When you print the records below, keep every word exact and leave out the images.

(Material shown Opens)

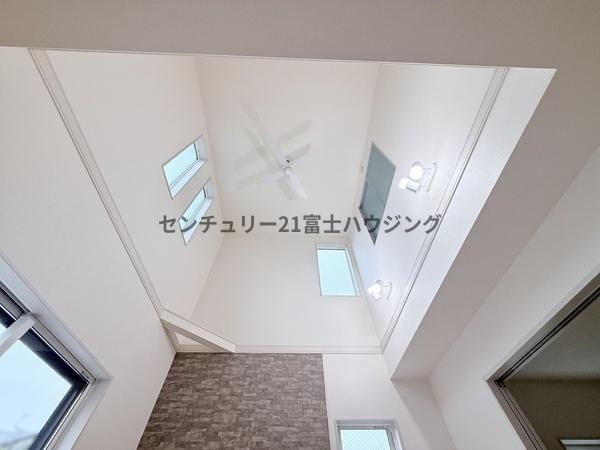 茅ヶ崎市香川４丁目の新築一戸建
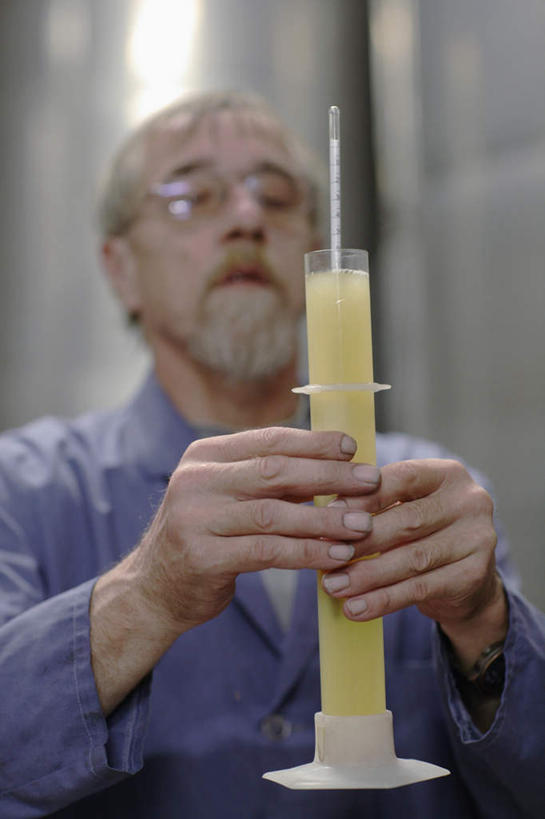 西方人,胡须,一个人,科学家,工厂,站,竖图,室内,白天,正面,实验,仪器,杯子,欧洲,欧洲人,仅一个男性,仅一个人,戴,握,服装,朦胧,模糊,研究,透明,分析,化学,测试,试管,眼镜,拿,拿着,注视,玻璃制品,衣服,玻璃瓶,瓶子,观察,看,站着,仅一个老年男性,器皿,握着,服饰,观看,察看,衣着,穿着,关注,近视眼镜,计量,科学研究者,玻璃仪器,试验耗材,实验用品,衣饰,老年男性,男人,男性,白种人,胡子,络腮胡,科学工作者,玻璃杯,站立,半身,彩图,工地,制造厂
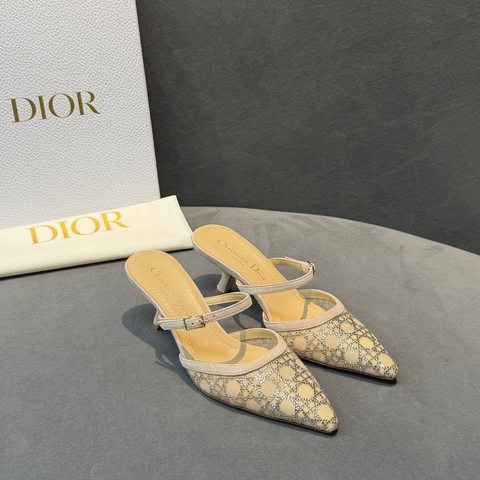 Dior Capture мюли артикул 825011PP в интернет-магазине «GLOBESTYLE»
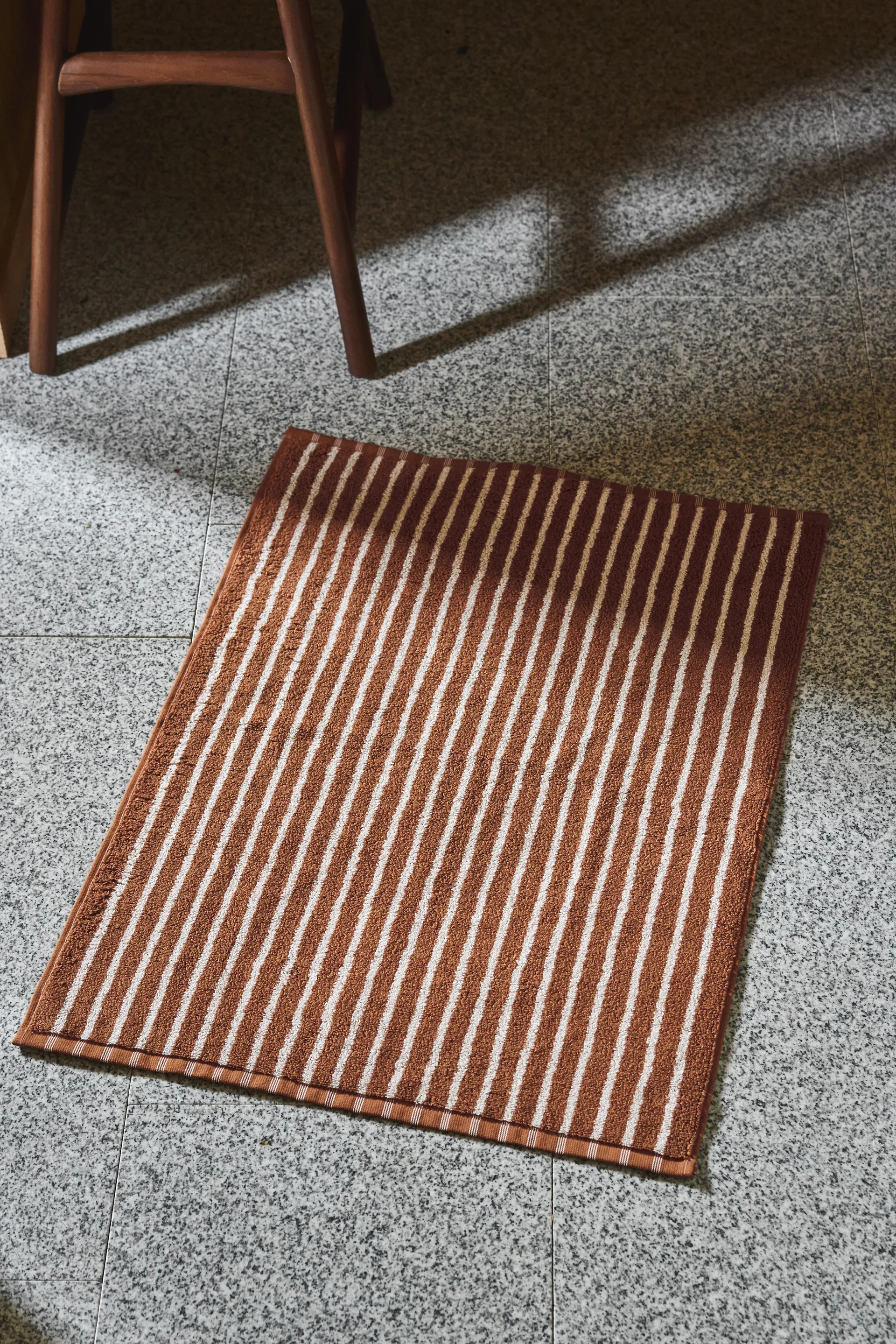 Drift badrumsmatta 50x70cm, Brun-vit Scandi Living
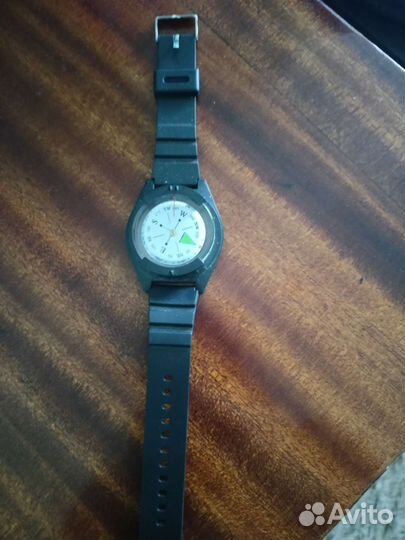 Компас в виде часов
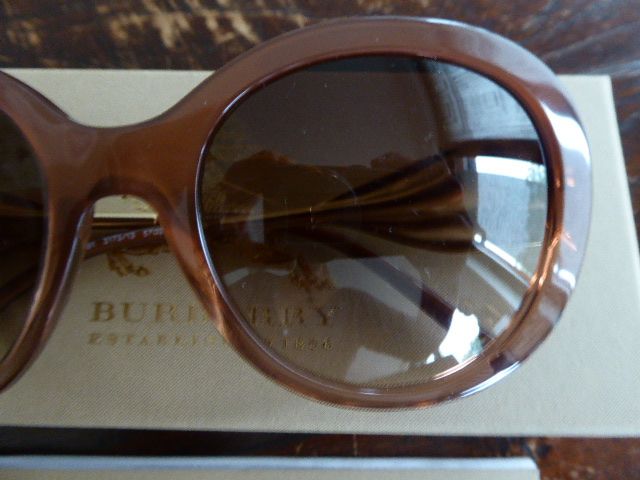 Sonnenbrille von " Burberry" NEU in Wiesbaden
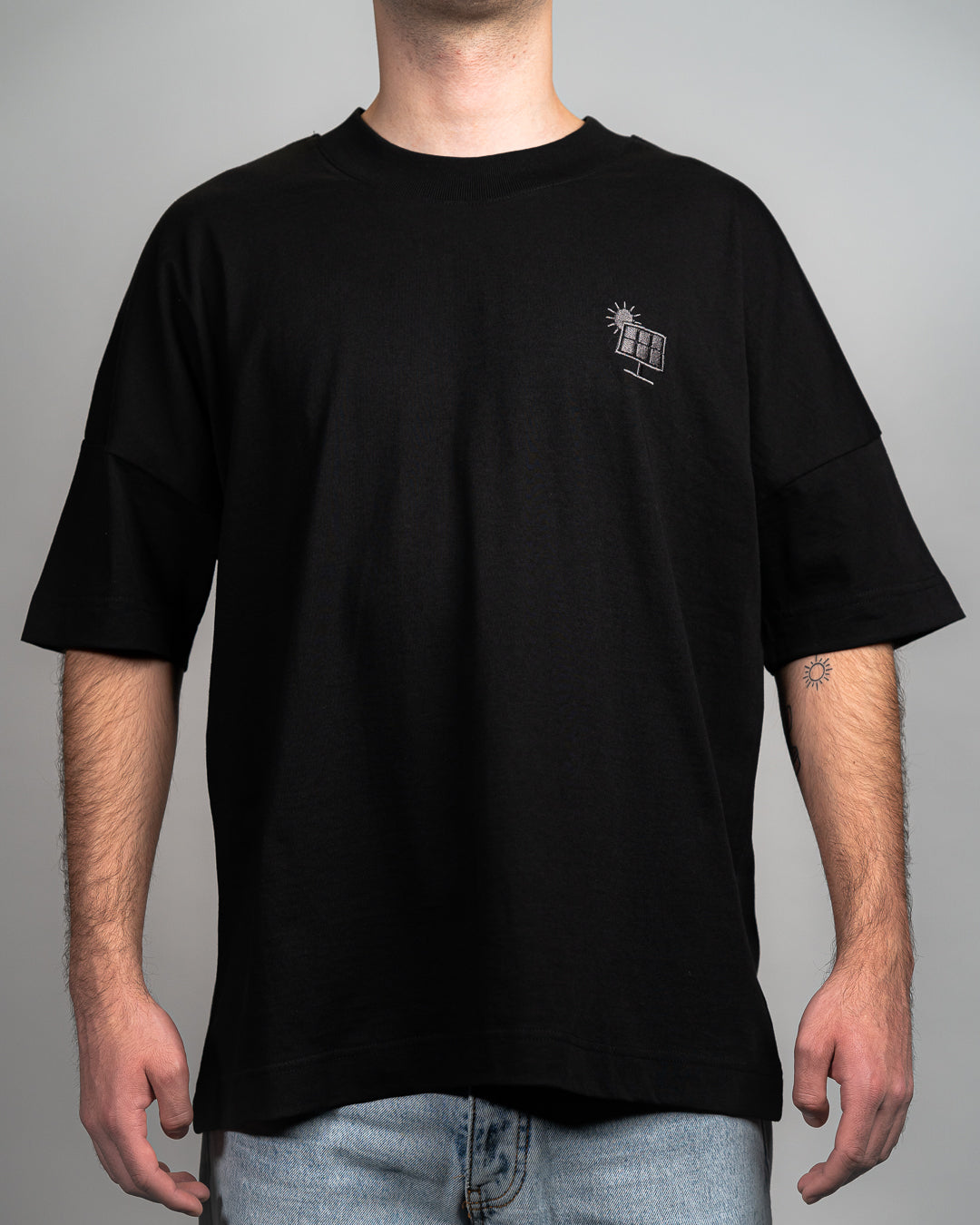 Tricou Oversized cu Logo Brodat Panou Solar, Negru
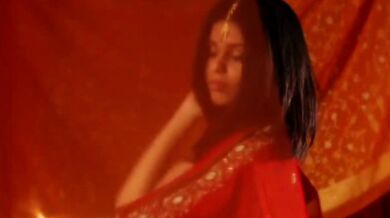 Sensual Journeys Begin With This Indian Beauty And Sexyness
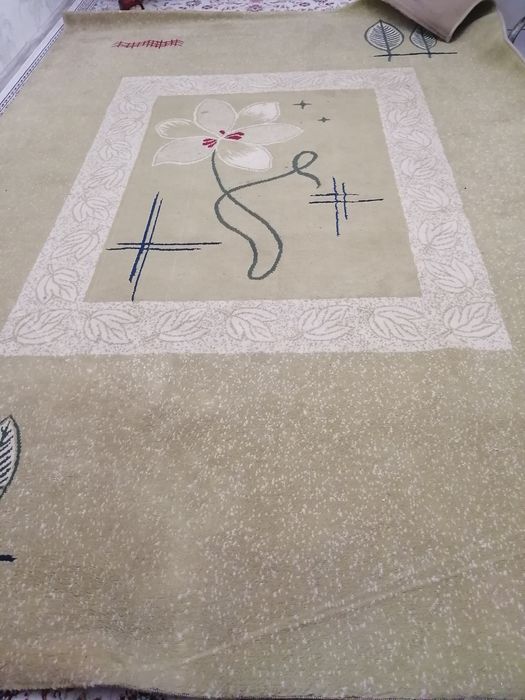 Продам ковёр,размер 280см - 200см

(Material shown Closes)

◆ Answer box:
 茅ヶ崎市香川４丁目の新築一戸建
 西方人,胡须,一个人,科学家,工厂,站,竖图,室内,白天,正面,实验,仪器,杯子,欧洲,欧洲人,仅一个男性,仅一个人,戴,握,服装,朦胧,模糊,研究,透明,分析,化学,测试,试管,眼镜,拿,拿着,注视,玻璃制品,衣服,玻璃瓶,瓶子,观察,看,站着,仅一个老年男性,器皿,握着,服饰,观看,察看,衣着,穿着,关注,近视眼镜,计量,科学研究者,玻璃仪器,试验耗材,实验用品,衣饰,老年男性,男人,男性,白种人,胡子,络腮胡,科学工作者,玻璃杯,站立,半身,彩图,工地,制造厂
 Dior Capture мюли артикул 825011PP в интернет-магазине «GLOBESTYLE»
 Drift badrumsmatta 50x70cm, Brun-vit Scandi Living
 Компас в виде часов
 Sonnenbrille von " Burberry" NEU in Wiesbaden
 Tricou Oversized cu Logo Brodat Panou Solar, Negru
 Sensual Journeys Begin With This Indian Beauty And Sexyness
 Продам ковёр,размер 280см - 200см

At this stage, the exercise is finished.